- **SOURCE MATERIAL**:

┌────────

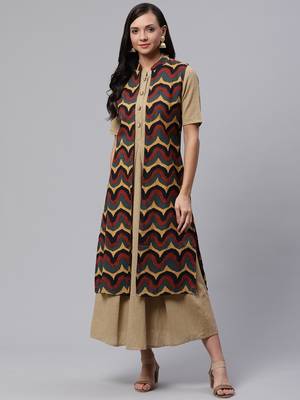 Khaki plain cotton maxi-dresses 1
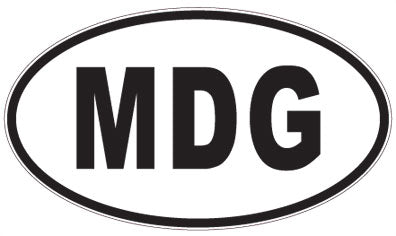 MDG - 3 Letter Initials Oval Sticker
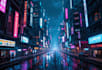 do a cyberpunk futuristic city art
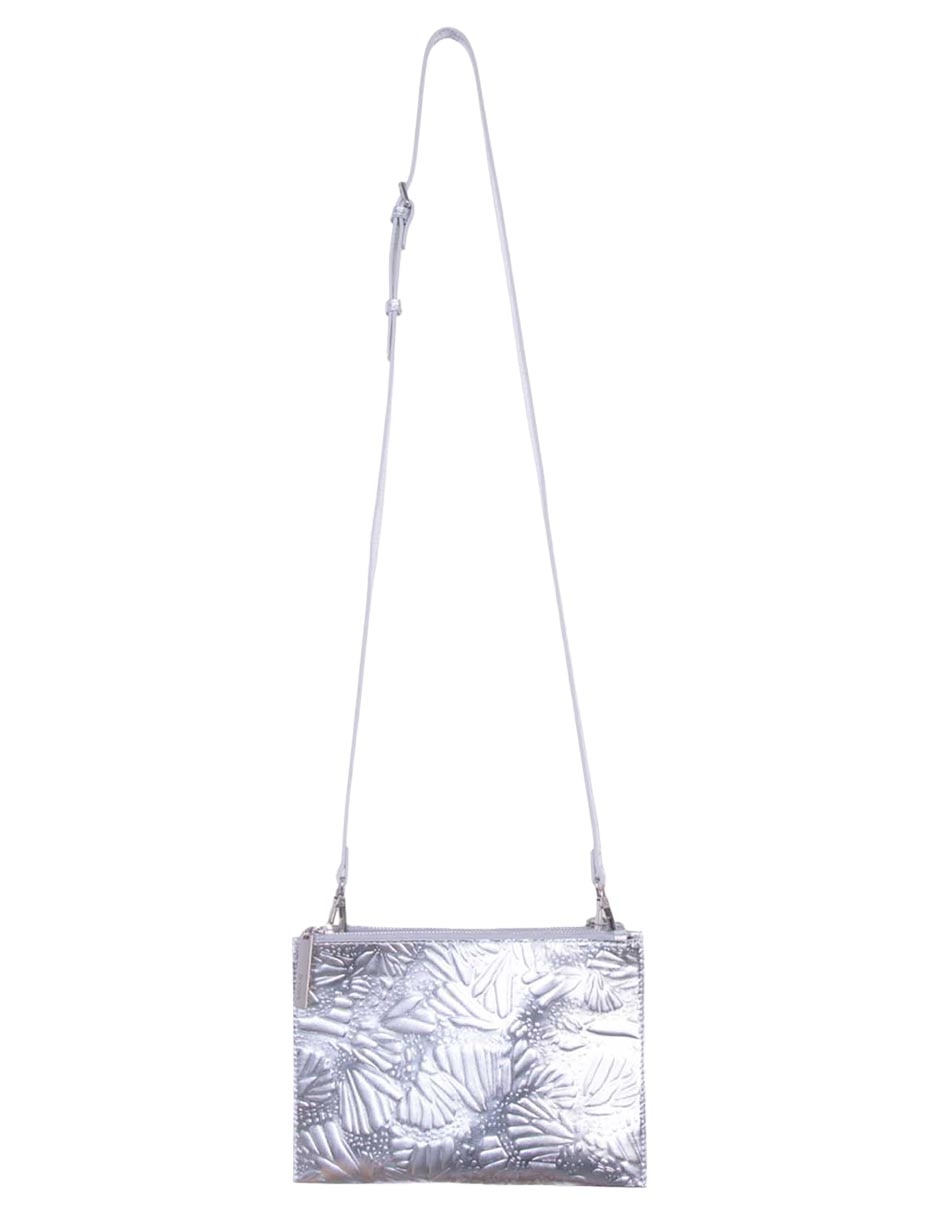 Bolsa crossbody Grabado Mariposa de piel para mujer 5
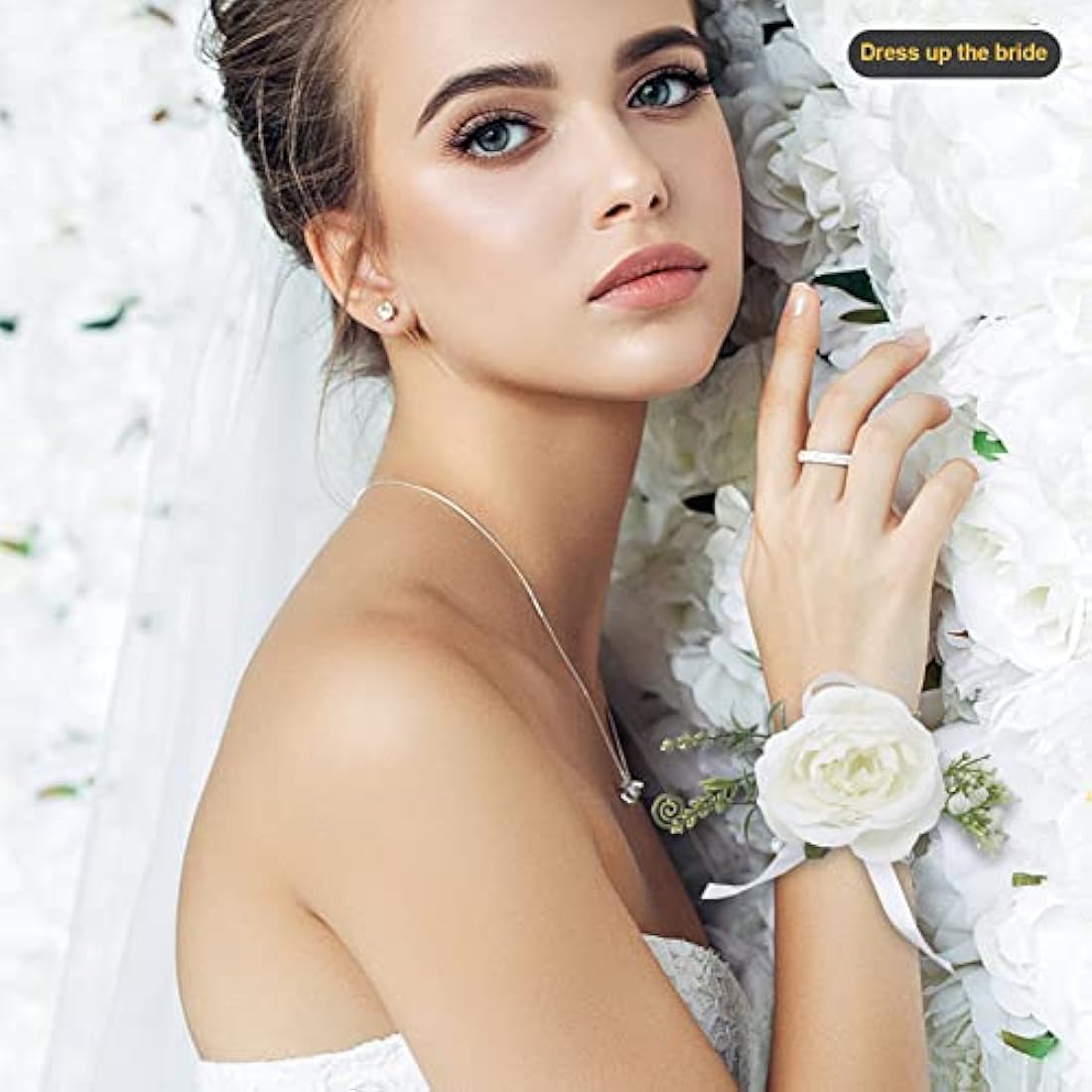 Jolof Store Bridal Bouquet and Wrist Flower – White Artificial Roses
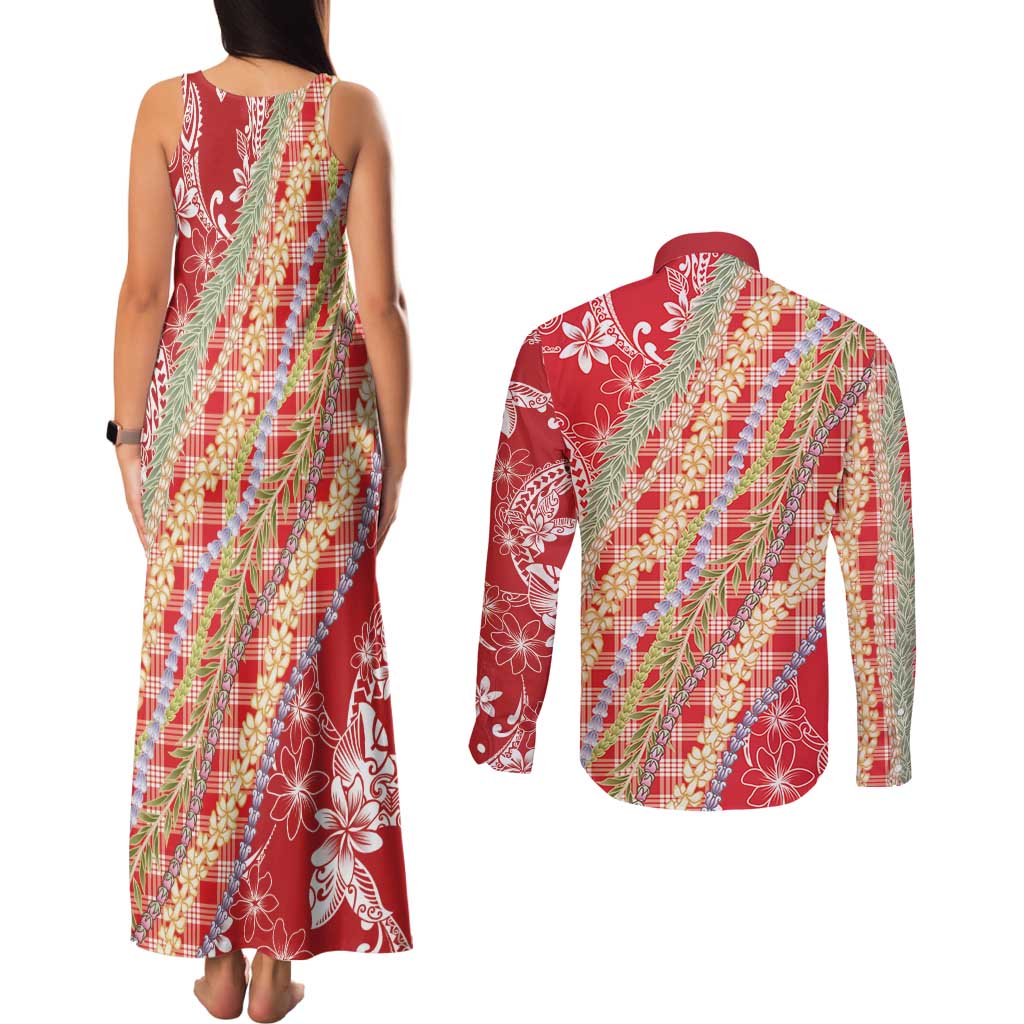 Red Palaka Hawaii Leis Couples Matching Tank Maxi Dress and Long Sleeve Button Shirt Hawaiian-plaid Elegant Tropical Vibes - Polynesian Pride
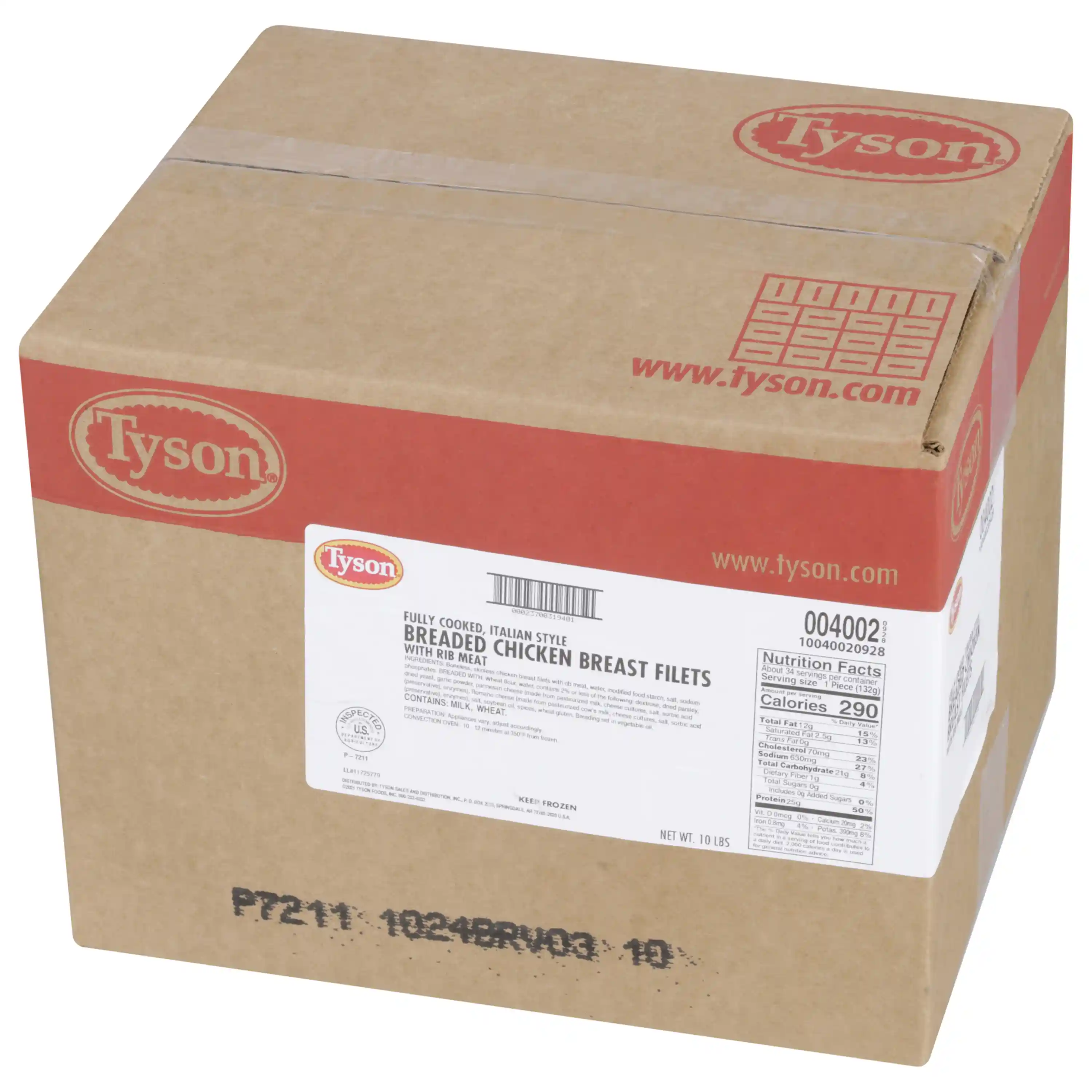 Tyson® Fully Cooked Breaded Italian Style Chicken Breast Filets, 4.7 oz._image_5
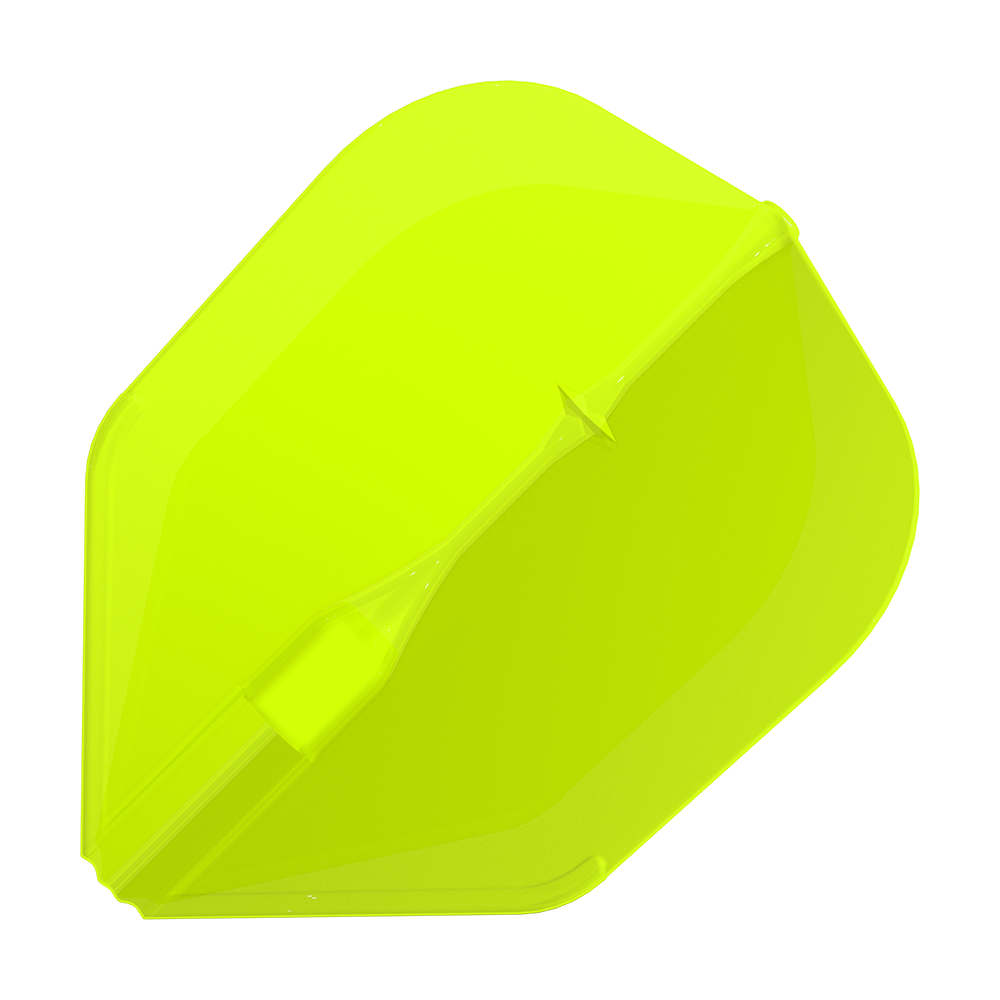L-L-Style3EZ Flights Das Bild zeigt eine neon-gelbe Dartflügel. Die Oberfläche ist glatt und hat eine auffällige, leuchtende Farbe.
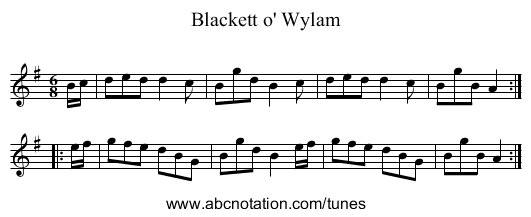 Blackett o' Wylam - staff notation
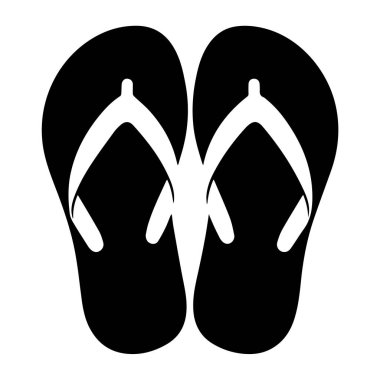 Basit siyah ve beyaz parmak arası terlik simgesi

└────────

- **WHAT IS NEEDED**: Where an entry includes a picture, drop it, and print the rest of the material word for word.

- **ANSWER FOR THE TASK**:
 Khaki plain cotton maxi-dresses 1
 MDG - 3 Letter Initials Oval Sticker
 do a cyberpunk futuristic city art
 Bolsa crossbody Grabado Mariposa de piel para mujer 5
 Jolof Store Bridal Bouquet and Wrist Flower – White Artificial Roses
 Red Palaka Hawaii Leis Couples Matching Tank Maxi Dress and Long Sleeve Button Shirt Hawaiian-plaid Elegant Tropical Vibes - Polynesian Pride
 Tyson® Fully Cooked Breaded Italian Style Chicken Breast Filets, 4.7 oz._image_5
L-L-Style3EZ Flights Das Bild zeigt eine neon-gelbe Dartflügel. Die Oberfläche ist glatt und hat eine auffällige, leuchtende Farbe.
 Blackett o' Wylam - staff notation
 Basit siyah ve beyaz parmak arası terlik simgesi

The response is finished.